I’m a big fan of breakfast. Particularly a hearty one at a good restaurant with family or friends. I love everything on the menu, generally speaking, and am hereby launching my campaign for the breakfast bowl…where all my favorites are tossed and mixed. Don’t think they have one of those in Tel Aviv.

Now there are those who don’t share my sentiments. I know who you are. You don’t like your bacon near your eggs, and you certainly can’t stomach your eggs touching your pancakes. You’re the folks that ask for extra plates. You drive servers up the wall! Liberate your syrup, and let your taste buds experience something new, I say!

Israelis like their holidays the way I like a great meal in the morning. All together. Our tour guide made a startling observation yesterday. “Everything is attached in Israel.” Unpacking this statement further, we learned that Israelis celebrate their Memorial Day and their Independence Day…on the same day.

That’s like letting the syrup touch the eggs. That doesn’t quite calibrate, even for a masher like me. One day is a time for somber reflection, the other a cause for wild celebration. Not so in Israel. Everything is attached. They can mix their emotions, preferring to commingle rather than to segregate days of sacred observation.

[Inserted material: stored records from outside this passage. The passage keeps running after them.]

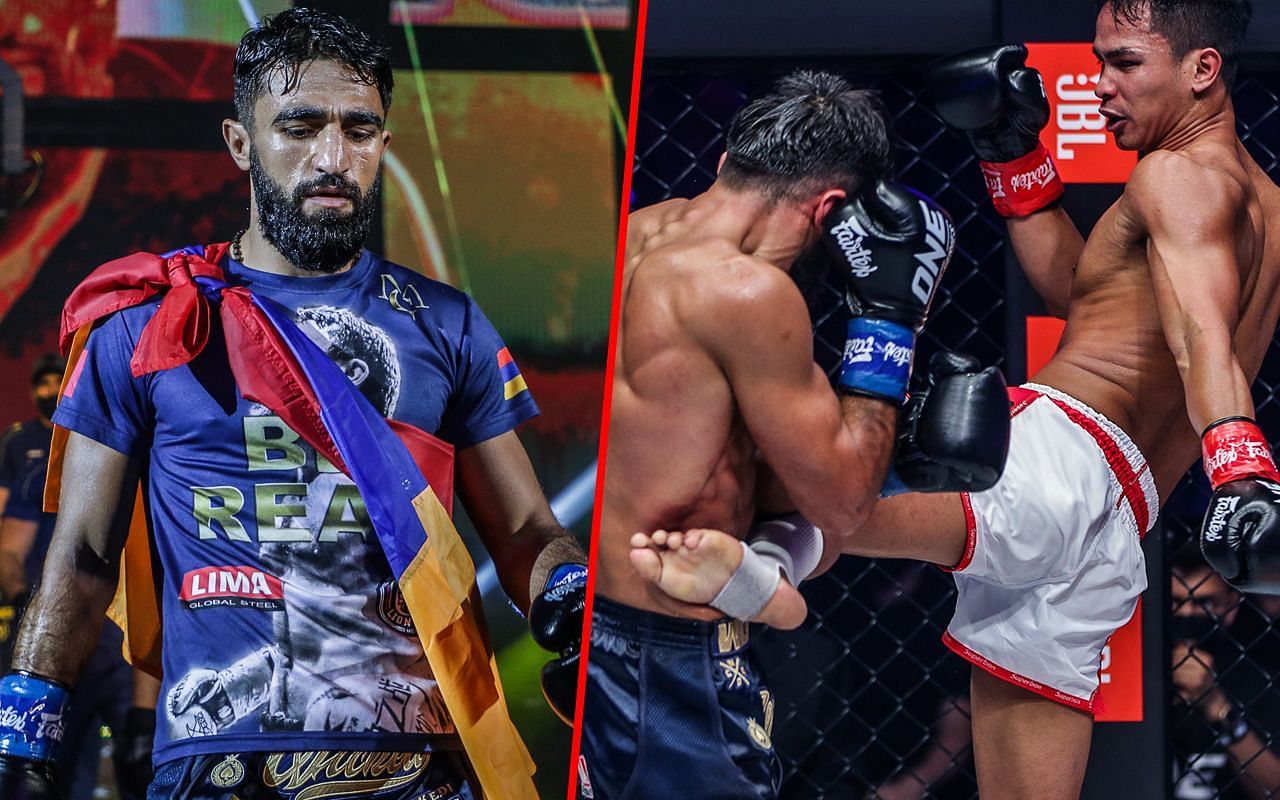 Marat Grigorian gets his second title shot at ONE Fight Night 13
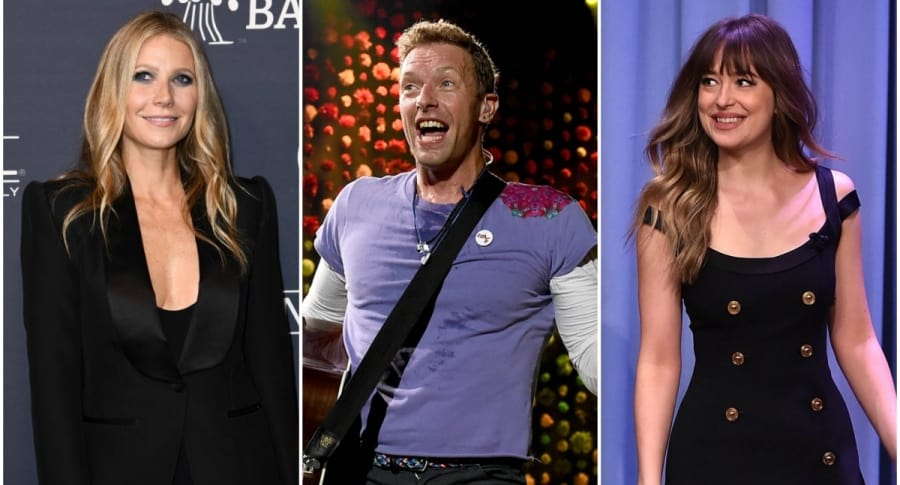 Gwyneth Paltrow / Chris Martin / Dakota Johnson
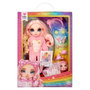 Rainbow High Poupée Bella Junior High Pyjama Party Rose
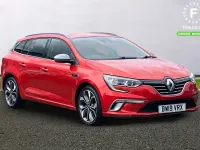Used Renault Mégane GT Line GT-Line 140 HP (102 kW) 2019 Red Estate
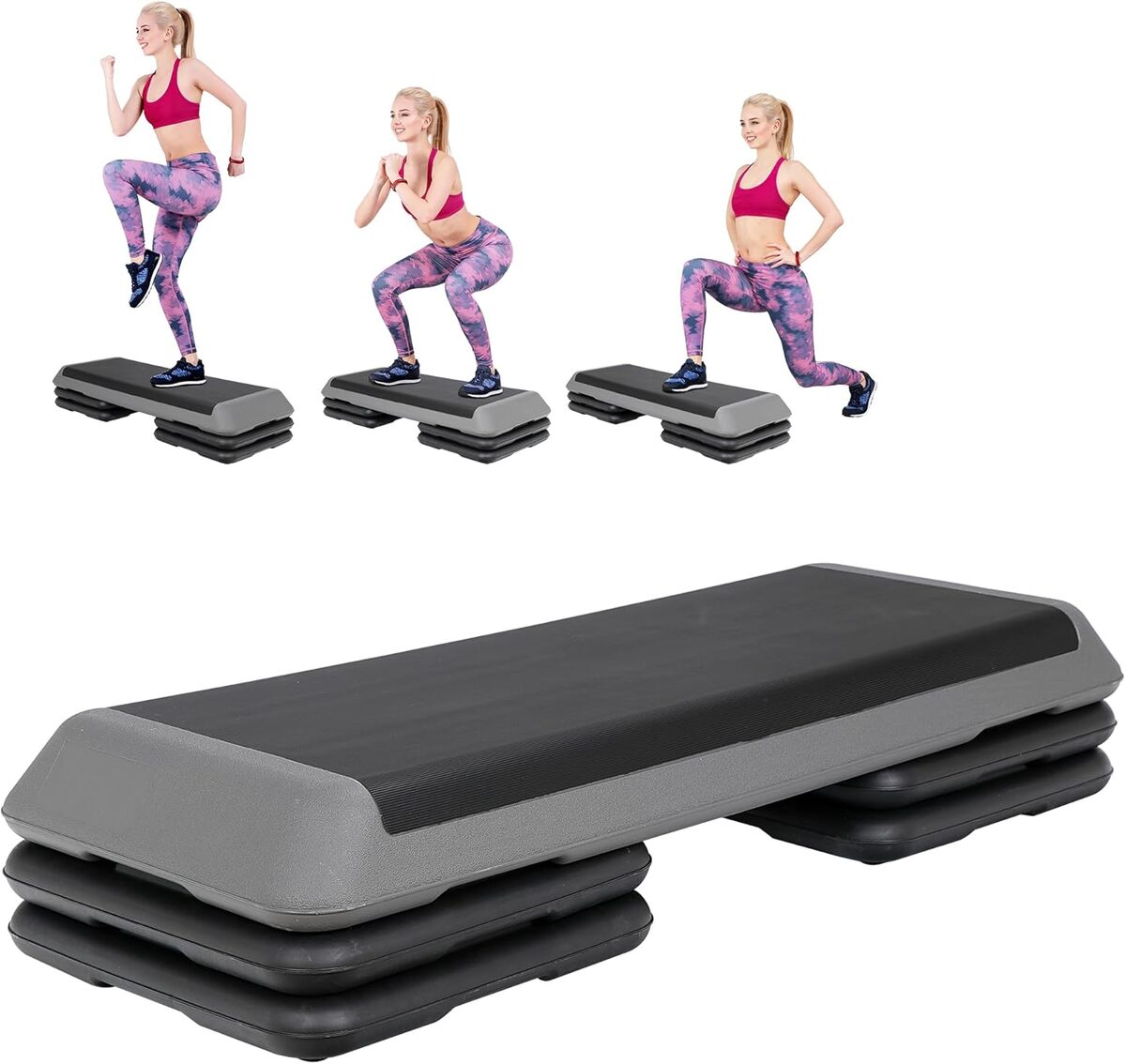 Test : stepper HomGarden 43" adjustable pour fitness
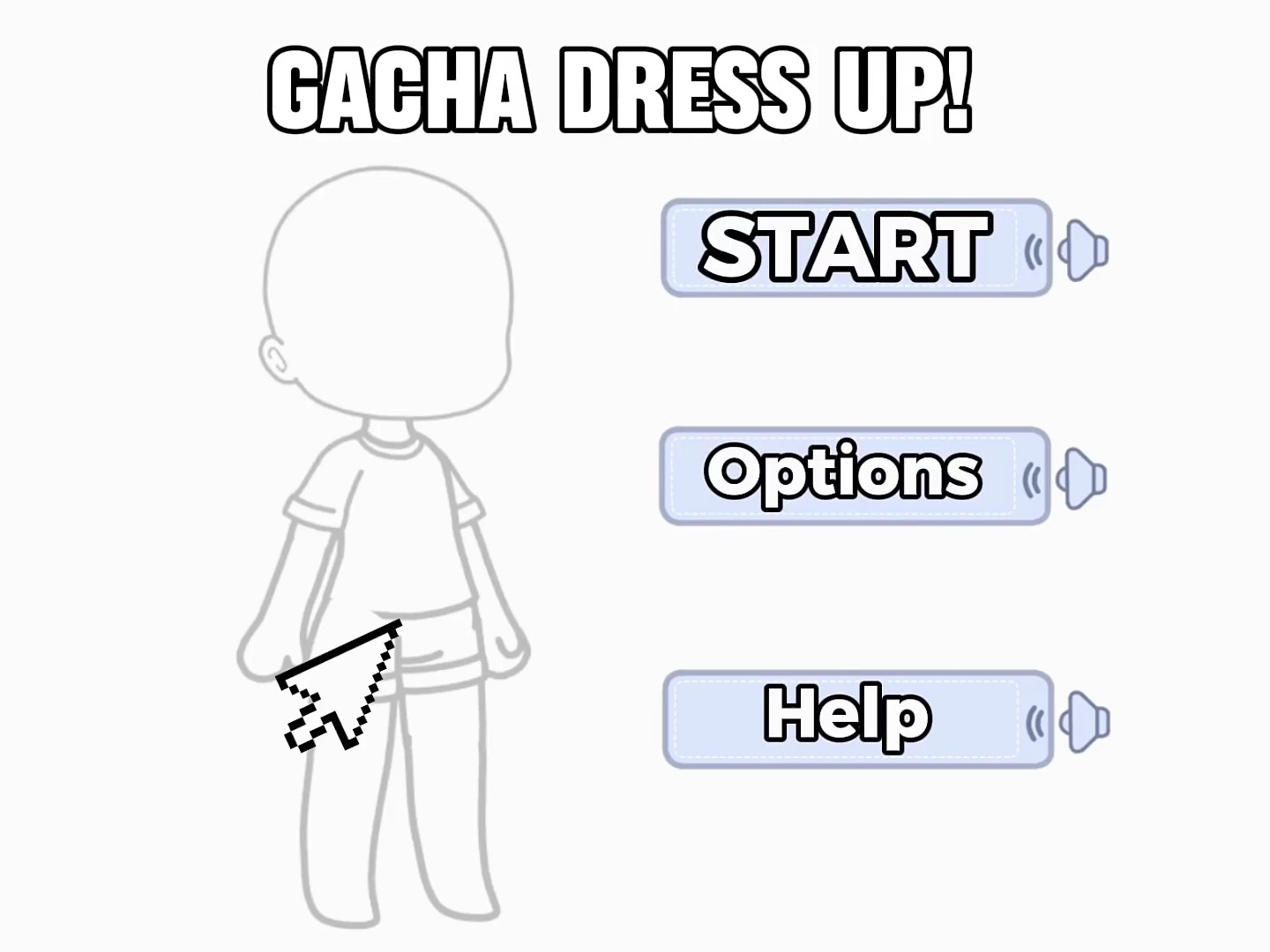 Gacha dress up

And it dawned on me. Isn’t that how we should approach the Passion Week? Mourning the betrayal, abandonment and suffering of our Messiah. Feeling the 40 lashes, recalling the searing pain of physical and emotional injustice. We are called to remember. More than an opportunity to slide into a holiday weekend, we are given an annual chance to reflect and feel deeply the pain that purchased our freedom.

Our independence from the lingering effects of sin.

Then we can enter into Sunday morning with all the joy, praise and celebration that the day deserves. We have been set free! We have been liberated from our bondage to decay, redeemed by the blood of the Lamb and reconciled to our Creator and Father, who has loved us with an everlasting love! Hallelujah! Our God reigns, and we will live with Him forever!

So may God allow you to experience all He has for you today. Pain may come in the night, but joy comes in the morning. Feel all that the world may bring you today, knowing that you aren’t the first one to do so. Let your food touch, allow joy and sorrow to cross paths.

 We know how the story ends. He is risen.

 He is risen indeed.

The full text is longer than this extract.